G-0C9MFWP390 Le Carnet de Joe Legloseur

mercredi 12 mars 2025

Expérience extrême

 

Pour des raisons indépendantes de ma volonté, je suis resté déconnecté pendant trois jours. Pas d’ordinateur, de smartphone. Rien que du papier, des stylos, des livres et un piano. Je me suis retrouvé exactement dans l’état où j’étais lorsque j’étais interne dans un collège en préfabriqué entouré de champs de betteraves. Qu’est-ce qu’on s’ennuyait. Le soir surtout. Une fois par semaine, on avait droit à une soirée télé avec Les dossiers de l’écran. Le reste du temps, il fallait meubler des tunnels interminables d’heures de permanence et de récré. L’ennui était omniprésent, il imprégnait chaque moment nos existences. Pendant cette séquence de sevrage numérique, j’étais à la fois troublé et plutôt content de le retrouver.


samedi 8 mars 2025

Le monde des séries


Je commence à me lasser de ce cirque. Passés les coups de théâtre des premiers épisodes, depuis le crescendo qui a conduit à « Massacre à la Maison Blanche », la série en cours commence déjà à s’essouffler. On a compris le plot : une sorte de Joe Dalton en plus gros est élu à la tête de l’Amérique ; il a tous les pouvoirs et peut semer le chaos et la destruction dans le monde entier sans rencontrer d’obstacle. Problème : les personnages principaux sont des bourrins tellement caricaturaux et grotesque, tellement givrés qu’ils en deviennent prévisibles dans leurs délires. Cela manque cruellement de subtilité et d’ambigüité.  

vendredi 7 mars 2025

Et toujours en chansons


 J’y reviens toujours

Cette fois par un chemin détourné

En écoutant Joan Baez

Chanter Pauvre Rutebeuf

J’y reviens toujours

Les chansons qui passaient à la radio

Celles que j’aimais à 13 ans

Puis à tous les âges

Celles qu’on chantait assis par terre

Autour d’une guitare

Celles qui remuaient nos blessures

Et celles qu’on fredonnait

Qui nous rendaient légers

Tu peux te moquer

J’y reviendrai toujours

 

jeudi 6 mars 2025

Lecture

 

Le soir, avant de plonger dans le monde des rêves, je lis quelques pages du livre qui se trouve sur la table de nuit, en ce moment Jacques le Fataliste et son maître. J’apprécie le dépaysement qui rend les premières approches un peu difficiles. Puis, à mesure qu’on se familiarise, on se prend à aimer la liberté débridée de Diderot, son humour irrespectueux, son jeu avec les règles de narration, la manière dont il s’amuse à déjouer les attentes du lecteur auquel il s’adresse directement.


mercredi 5 mars 2025

Dans le monde du roman noir

 


« Le roman noir à l’américaine parle d’un monde complètement dominé par le capital, où les salauds sont au pouvoir (interpénétration de la politique, du gangstérisme et de la police). Il raconte donc des histoires qui n’ont plus pour fin le rétablissement de l’ordre (...), parce que l’ordre qu’ils décrivent est irrémédiablement mauvais. Et ils sont noirs parce que personne, pendant cette période, ne voit comment sortir de ce merdier. » Le roman noir évoqué par Manchette commence dans les années 20 et son âge d’or se termine dans les années 50. La description m’a fait terriblement penser à notre époque avec toutefois une différence importante : ce qui se passait au niveau d’une ville dans les romans de Chandler ou Hammett se déroule aujourd’hui à l’échelle de pays entiers et est retransmis en live selon les lois du spectacle. 

mardi 4 mars 2025

Croyance

On a l’impression que chaque fois que vous vous engagez à prendre une position vous l’atténuez par l’ironie ou par le sarcasme.

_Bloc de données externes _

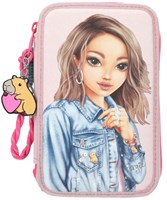 Depesche TOPModel trousse 3 compartiments - fournitures scolaires filles-2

Toujours. Parce que je n’y crois pas.

Mais à quoi croyez-vous ?

Mais à rien ! Le mot « croyance » est une erreur aussi. C’est comme le mot « jugement ». Ce sont des données épouvantables sur lesquelles la Terre est basée. J’espère que, sur la Lune, ce ne sera pas comme cela !

Vous croyez à vous, tout de même ?

Non.

Même pas ?

Je ne crois pas dans le mot « être ». Le concept être est une invention humaine.

 

Marcel Duchamp, Entretiens avec Pierre Cabanne

 

lundi 3 mars 2025

Posture


 Il y a ceux qui déclarent vouloir se couper de « l’info » jugée trop anxiogène (il faut admettre qu’elle n’est pas très relaxante). Ils disent en profiter pour se recentrer sur les valeurs essentielles : lecture au coin du feu, potage familial, immersion dans ce qu’il reste de nature. Je ne peux m’empêcher d’être dubitatif. Je ne vois pas bien comment installer un barrage hermétique et empêcher les échos du monde extérieur d’entrer par un bout, mais peut-être que je m’y prends mal. Cette indifférence affichée me fait penser ceux qui déclaraient « ne pas faire de politique » alors qu’il n’y avait pas besoin de creuser longtemps pour découvrir qu’ils étaient en fait bien à droite. Mais aujourd’hui, pourquoi se cacher ?

samedi 1 mars 2025

Où sont passés les dieux ?

 

Textes débiles moulinés par l’IA, passage à la voiture électrique et retour des nazis : ces derniers temps on nous demande de fournir un important effort d’adaptation. J’avais déjà du mal avant, là je crois que ça devient mission impossible. Des raisons d’espérer à plus ou moins long terme ? Il y a d’abord l’effet balancier. Souvenons-nous qu’après la frénésie consumériste des années 50 il y eut la génération Beat puis les Hippies. Certes, il est vrai que depuis les années 80, on attend en vain une réaction à la hauteur du développement du capitalisme. L’autre lueur d’espoir repose dans les croyances de l’Antiquité telles qu’elles sont réapparues à la Renaissance et dont on trouve un écho chez Montaigne : une apologie de la modération et une condamnation de l’excès dans tous les domaines. Qu’attendent les dieux pour revenir châtier les mortels qui se livrent aux excès de l’hybris ?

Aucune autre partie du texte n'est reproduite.